In some circumstances, the FBI may delay a yes or no because it needs additional information to make a final determination. The FBI then enlists the help of its Criminal Justice Information Services Division, who will have an examiner contact local law enforcement and other agencies to find that additional information. If the FBI does not issue a decision within three days, this is called a default proceed, and the licensed dealer may sell the firearm to the applicant.
After the ATF 4473 form has been approved, you have 30 days to finalize the purchase of your firearm. If you do not complete your purchase during that time, you will need to file another form. An approved form can only be used once for one transaction. If you want to purchase another firearm after your first purchase, even within those 30 days, you will need to file another form.
Best Safety Practices for After Purchasing Your First Firearm
As a first-time gun owner, you must also accept the responsibility of practicing gun safety. If you don’t, you put yourself, your family, and members of your community at risk.
Learn How to Use Your New Gun
You should get familiar with your gun and learn how to use it properly. Some gun stores and firing ranges offer classes on how to handle a firearm. In California, you must actually prove that you know how to safely handle a firearm before you can purchase it.
Practice Using Your Firearm
Practice makes perfect, so you are going to want to practice using your new firearm. The more you use it, the more comfortable you will be with shooting it. Make it a habit to go to your local firing range to practice often.
Securing and Storing Your Firearm
When you purchase a firearm, you are making an investment. Therefore, you want to do what you can to protect your investment. Environmental factors, like humidity, dust, and oil from your hands, can quickly cause gunmetal to rust, corrode, or tarnish. So, you will want to keep it clean and clean it every time you use your firearm. If it gets wet while outdoors, you should dry it off immediately.
You also will want to keep your firearm safe from theft or unauthorized access by children or individuals that have no business being anywhere near a gun. The best way to do this is by keeping your new firearm secured in a gun safe or gun vault.
Visit your local Liberty Safe dealer to see all your options for secure firearm storage.
Firearm Safety – 10 Rules of Safe Gun Handling
1. Always Keep the Muzzle Pointed in a Safe Direction
This is the most basic safety rule. If everyone handled a firearm so carefully that the muzzle never pointed at something they didn’t intend to shoot, there would be virtually no firearms accidents. It’s as simple as that, and it’s up to you.
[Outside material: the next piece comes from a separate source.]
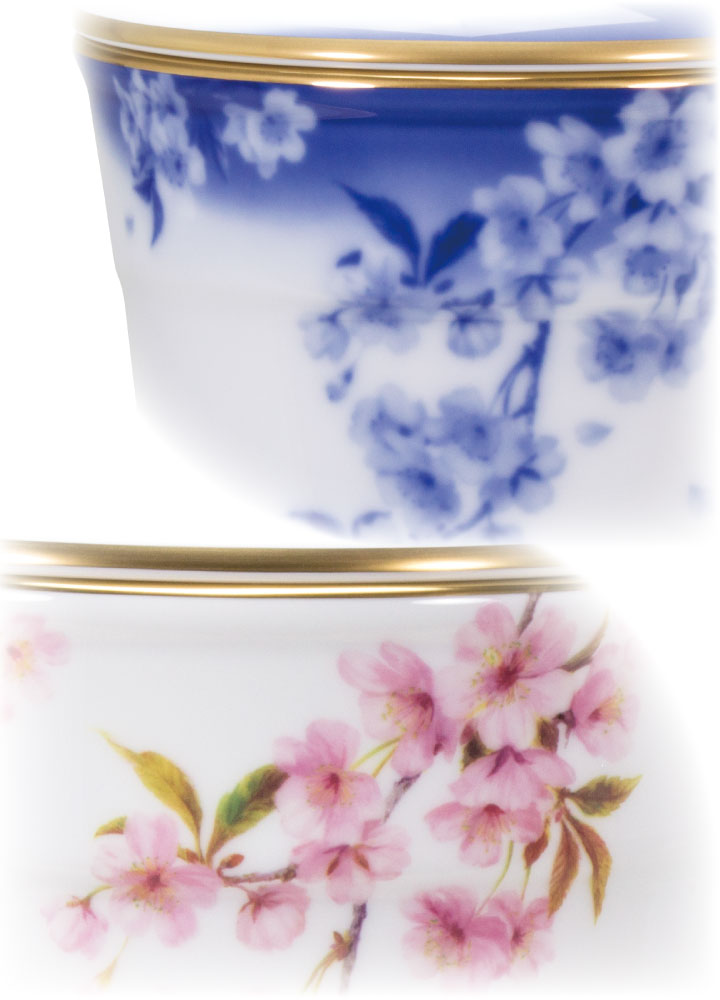 ペットちゃんのご供養に。大倉陶園の最高級骨壷。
Never point your gun at anything you do not intend to shoot. This is particularly important when loading or unloading a firearm. In the event of an accidental discharge, no injury can occur as long as the muzzle is pointing in a safe direction.
A safe direction means a direction in which a bullet cannot possibly strike anyone, taking into account possible ricochets and the fact that bullets can penetrate walls and ceilings. The safe direction may be “up” on some occasions or “down” on others, but never at anyone or anything not intended as a target. Even when “dry firing” with an unloaded gun, you should never point the gun at an unsafe target.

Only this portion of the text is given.